Ingo Ziegler
Current language models rely on tokenizers to break up sequences into standardized inputs. In monolingual settings, trainable sub-word tokenizers such as Byte Pair Encoding demonstrate notable benefits by consolidating comparable pre- and suffixes of distinct words into a unified token. This approach proves particularly advantageous for morphologically rich languages, allowing the model to learn embeddings more effectively. Still, the quality of tokenization heavily relies on the training data's diversity, dialects, and domain-specific jargon, and is otherwise plagued by out-of-vocabulary tokens. Expanding tokenizers for multilingual models introduces new challenges related to rapidly growing vocabulary sizes, constraining their practical utility for processing multilingual data within a single model. Byte-level modeling has been proposed to replace tokenizers, but it vastly increases sequence lengths and creates efficiency tradeoffs.
In contrast, pixel language modeling is a general-purpose, tokenization-free language model approach that renders text as images. It enables the model to process and generate text as pixel patches, all without increasing sequence length and regardless of whitespace separation, script diversity, or language. This approach to language modeling is, therefore, not dependent on a vocabulary and offers efficiency advantages over standard language models in multilingual settings.
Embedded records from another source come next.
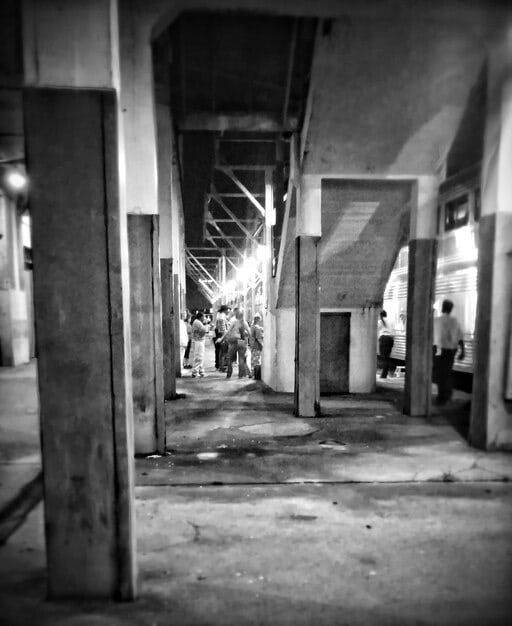 A black and white photograph of an abandoned industrial site, with a group of people conducting a ritualistic performance art piece. They are wearing masks made of recycled materials and interacting with the decaying machinery, symbolizing the confrontation with industrial decay and the attempt to reclaim a connection to nature through artistic expression.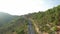 Elevating over cyclist on high slope mountain road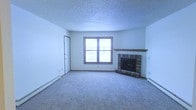 This single-floor space presents a clean and functional layout designed for comfortable everyday living. The main living area is a generous, open room finished with wall-to-wall carpeting that adds warmth underfoot. A standout feature of the room is the brick fireplace situated in the corner, complete with a wood mantel, serving as a natural focal point and providing a cozy atmosphere during cooler months. A centered window allows natural light to fill the space, brightening the neutral white walls and textured popcorn ceiling. Baseboard heating units are present along the walls, ensuring efficient temperature control throughout the space. A interior door provides access to additional areas of the floor plan, contributing to a practical and connected layout. The overall ambiance is understated and neutral, offering a blank canvas that lends itself well to a variety of interior styles. The combination of classic architectural details — including the brick fireplace surround, carpeted floors, and textured ceiling — gives the space a traditional residential character that is both welcoming and easy to personalize.
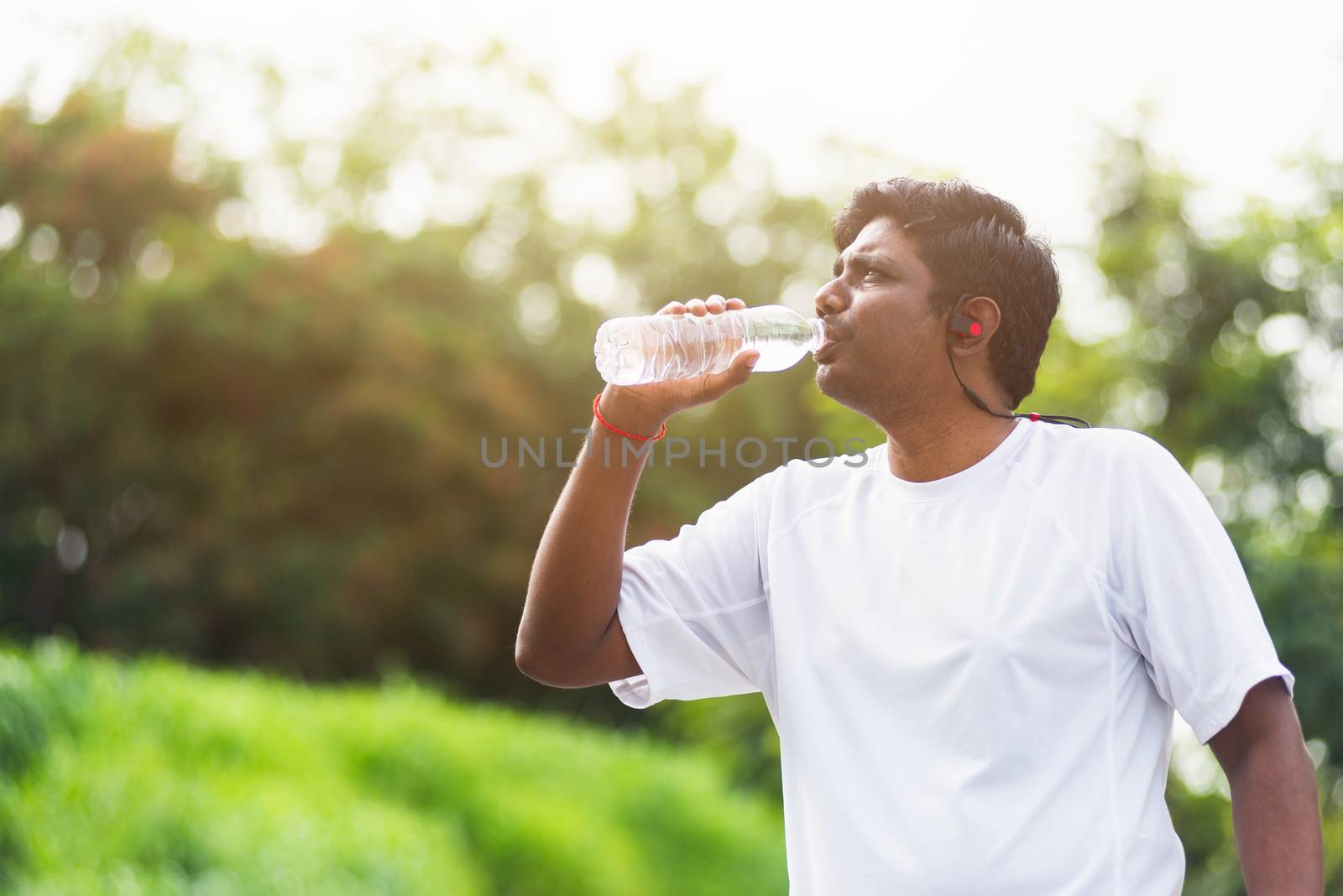 Close up Asian young sport runner black man wear athlete headphones he drinking water from a bottle after running at the outdoor street health park, healthy exercise workout concept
This PhD project explores approaches to pre-training pixel language models to build multilingual models that enable the language- and script-agnostic processing and generation of text. The research investigates methods to incorporate a larger number of languages during pre-training, scale model size to accommodate more linguistic and semantic knowledge, and develop foundation models that can be efficiently adapted and specialized to specialized downstream tasks and languages or dialects.